→ **Exercise aim**
Begin at the line that holds "Conscious Chemist Makeup" and retype every line through the end of the material, both included. Leave out the pictures.

→ **Raw data**
****************

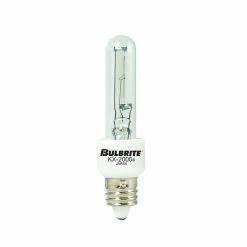 Bulbrite KX Dimmable T3Mini-Candelabra Screw Base (E11) Light Bulb, 560 Lumens, 2700K, 40 Watt, Clear, 2/Pack(861114)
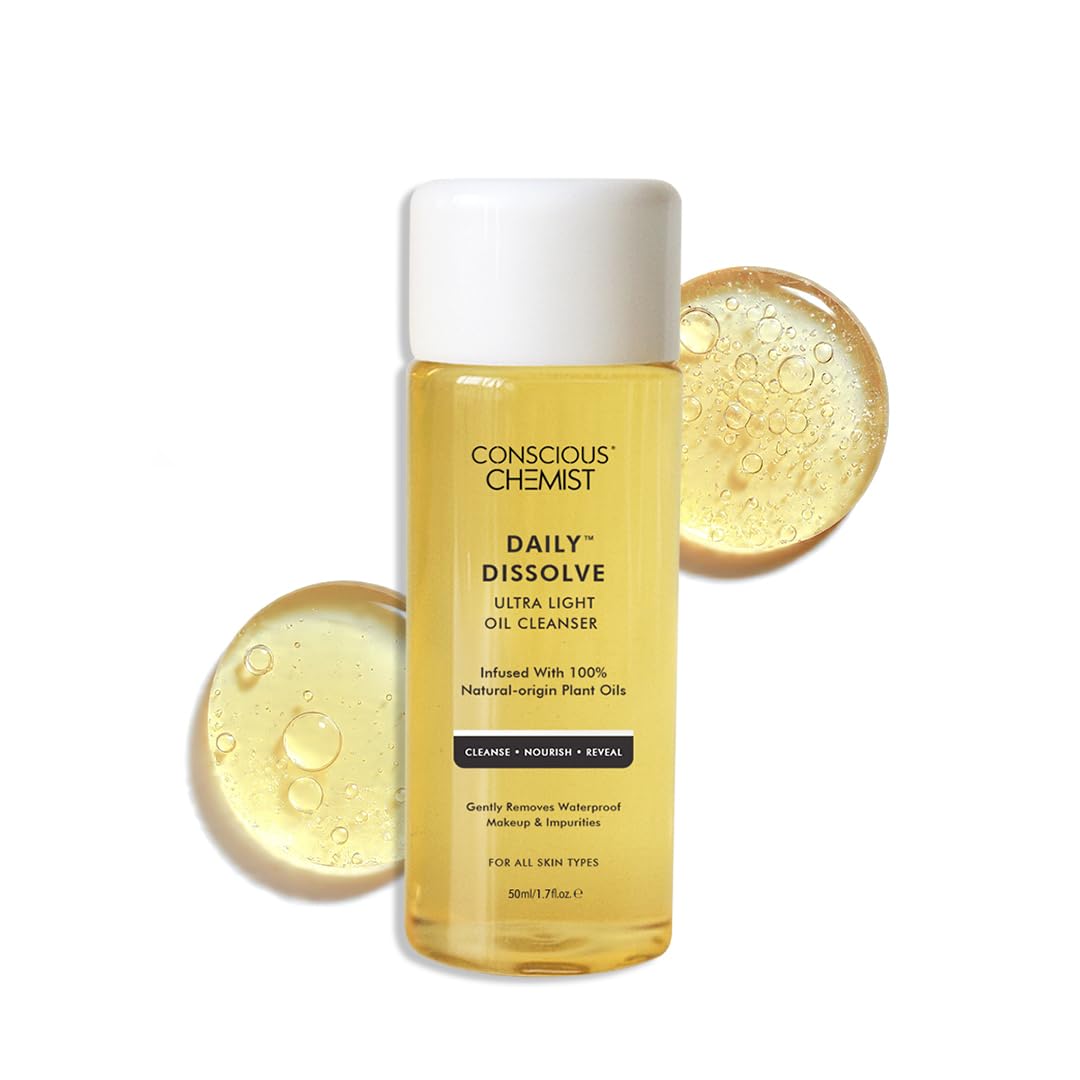 Conscious Chemist Makeup Remover Oil Cleanser | 50ml | Gently Removes Makeup — Flash AI Score 92/100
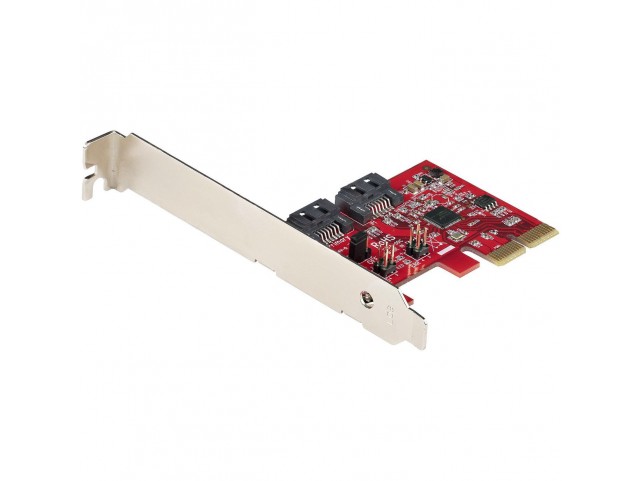 StarTech.com Sata Pcie Card - 2 Port Pcie  Sata Expansion Card - 6Gbps -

****************

→ **Output for this task**
 Conscious Chemist Makeup Remover Oil Cleanser | 50ml | Gently Removes Makeup — Flash AI Score 92/100
 StarTech.com Sata Pcie Card - 2 Port Pcie  Sata Expansion Card - 6Gbps -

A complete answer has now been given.